## WHAT THIS TASK INVOLVES
When writing out the entries below, keep only the lines from the line with "PRADA PINK Compact" to the line with "Meias brancas Isabel", both included, exactly as they are, and leave the pictures aside.

## MATERIAL TO PROCESS

○ ○ ○ ○ ○ ○ ○

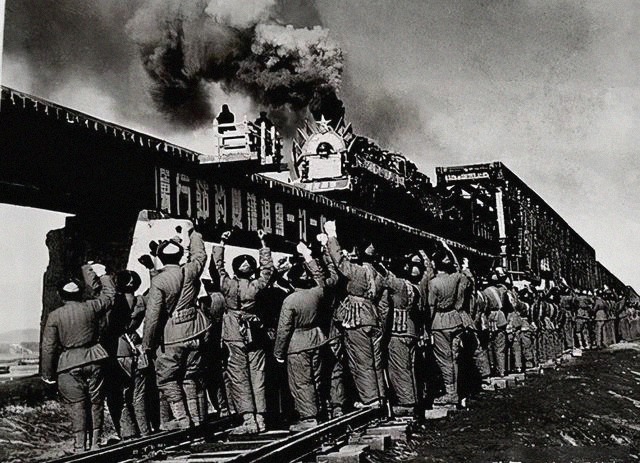 洪学智|什么人什么事让彭老总如此大怒?拍了桌子吼道:那你来指挥打仗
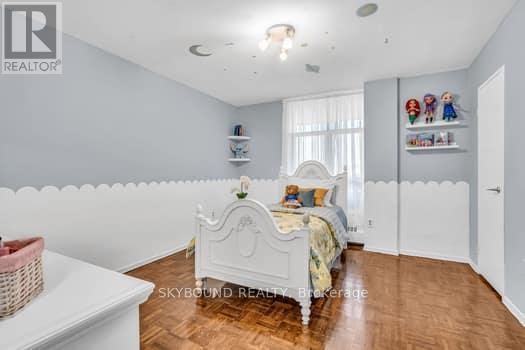 1004 - 44 Longbourne Drive, Toronto (Willowridge-Martingrove-Richview), Ontario  M9R 2M7 - Photo 23 - W12442821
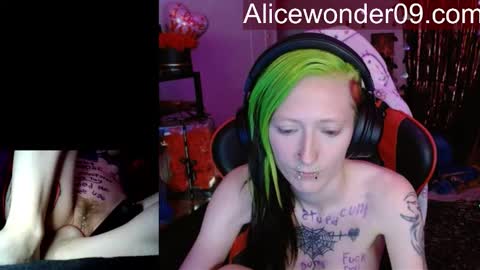 Snapshot of alicewonder52 chatting on 02-15-26, 08:35 Alice online show from 02-15-26, 08:35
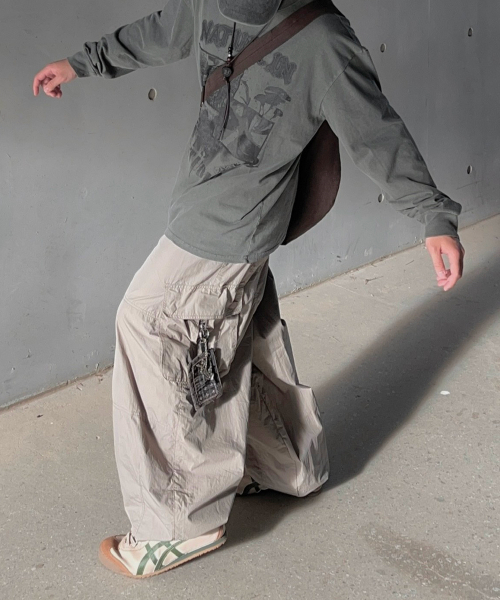 eastserviceshop(イーストサービスショップ)の「Maximal Ballon Cargo Pants - D/Beige(その他パンツ・レディース・その他・46/48/50)」の1枚目の写真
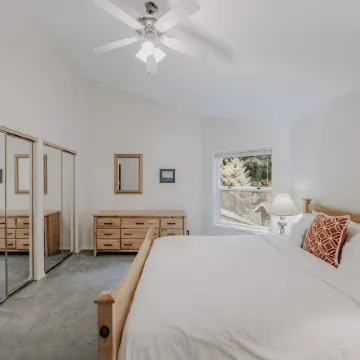 13sl - Hot Tub - Pets Ok - Wifi - Sleeps 8 2 Bedroom Home by RedAwning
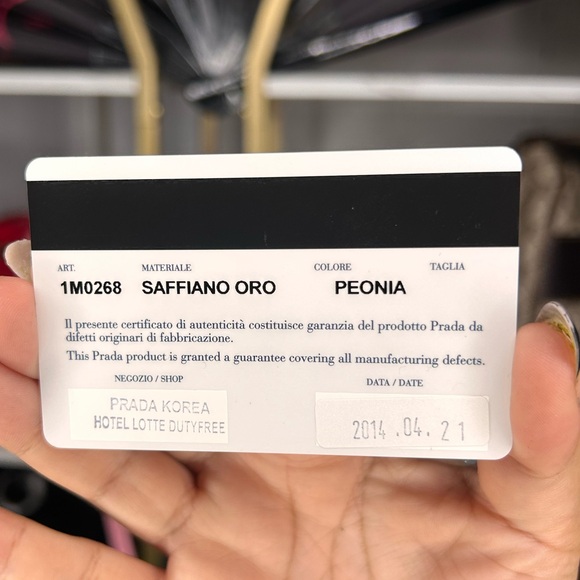 PRADA PINK Compact Wallet π₯ - Picture 12 of 12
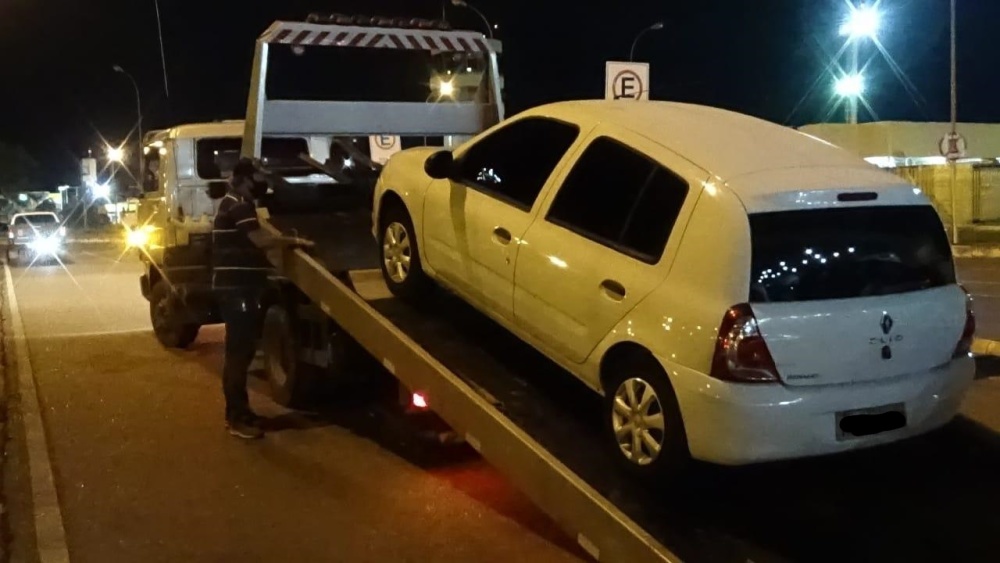 No aeroporto de Palmas, 15 suspeitos foram intimados  por transporte clandestino e 8 veículos são apreendidos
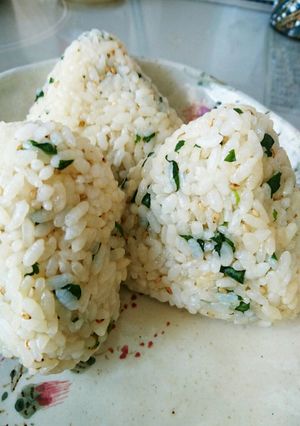 おにぎり　三つ葉とわさび醤油で-レシピのメイン写真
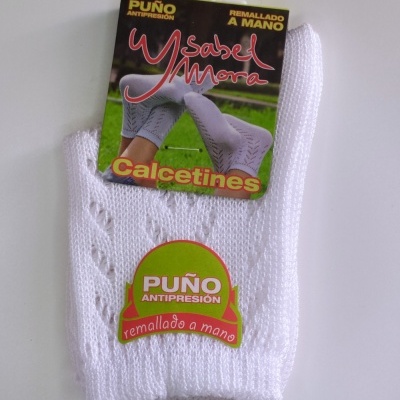 Meias brancas Isabel Mora com punho antipressão e remallado à mão em embalagem com etiqueta colorida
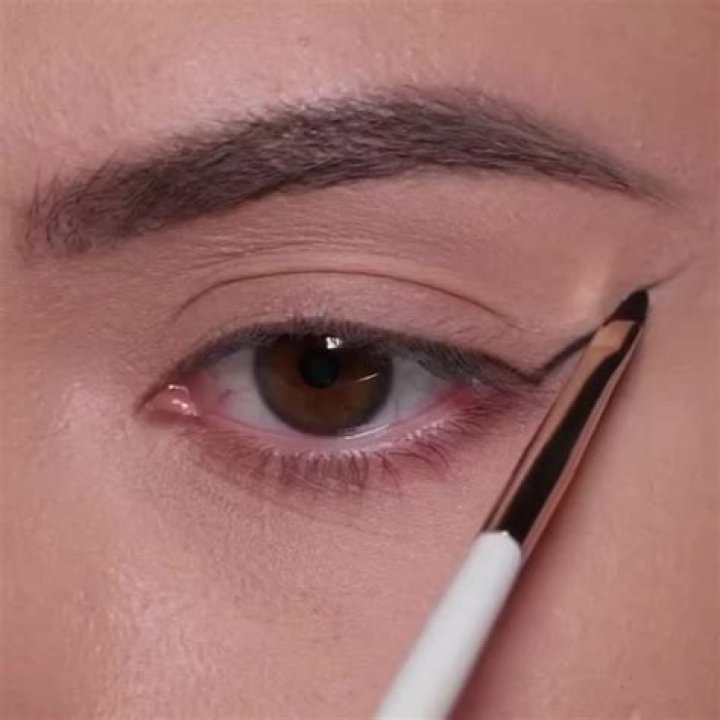 STYLECASTER | This eyeliner puts all lash glue to rest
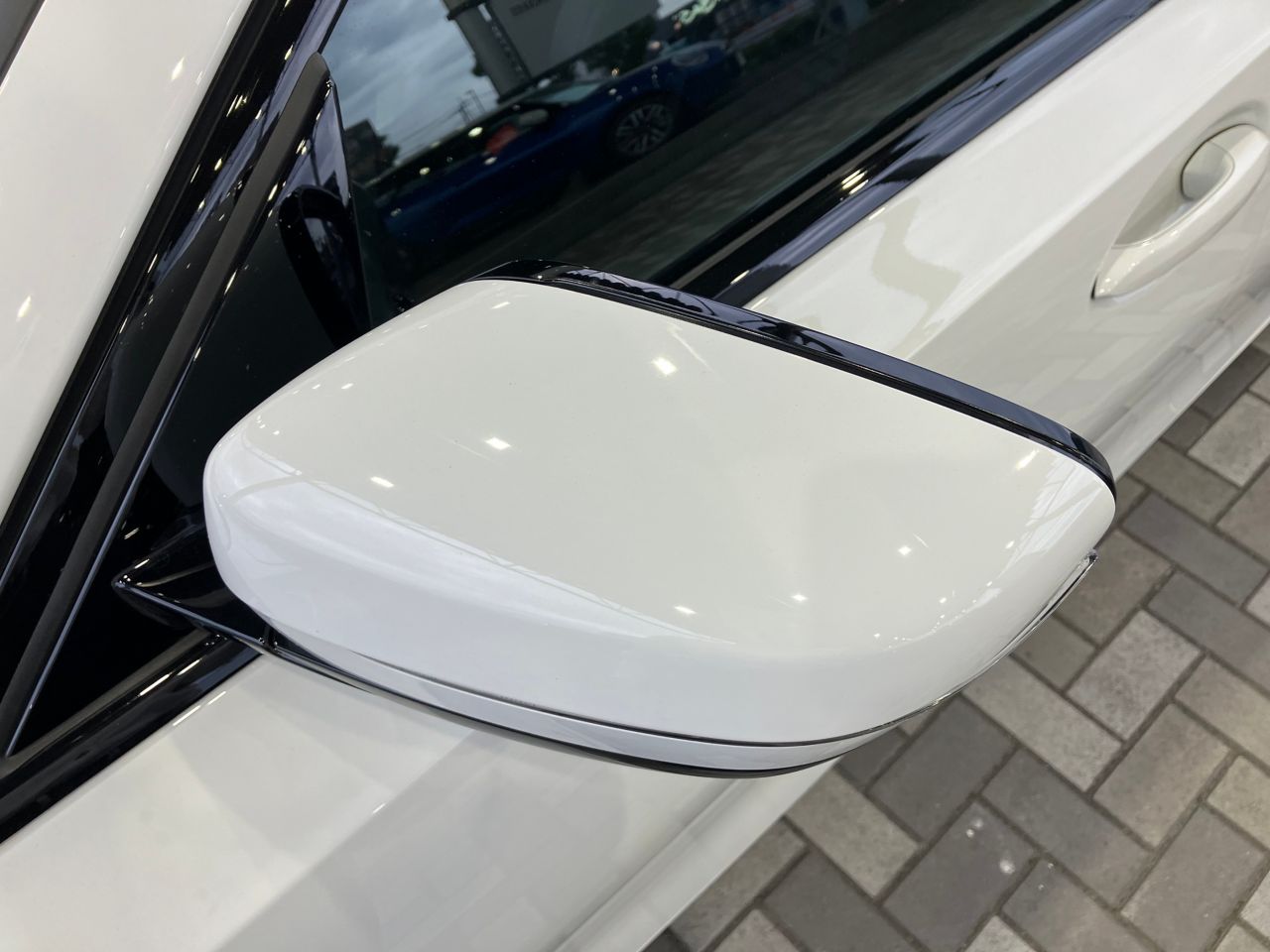 G20 320i Saloon LCI RHD MX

○ ○ ○ ○ ○ ○ ○

## EXPECTED OUTPUT
 PRADA PINK Compact Wallet π₯ - Picture 12 of 12
 No aeroporto de Palmas, 15 suspeitos foram intimados  por transporte clandestino e 8 veículos são apreendidos
 おにぎり　三つ葉とわさび醤油で-レシピのメイン写真
 Meias brancas Isabel Mora com punho antipressão e remallado à mão em embalagem com etiqueta colorida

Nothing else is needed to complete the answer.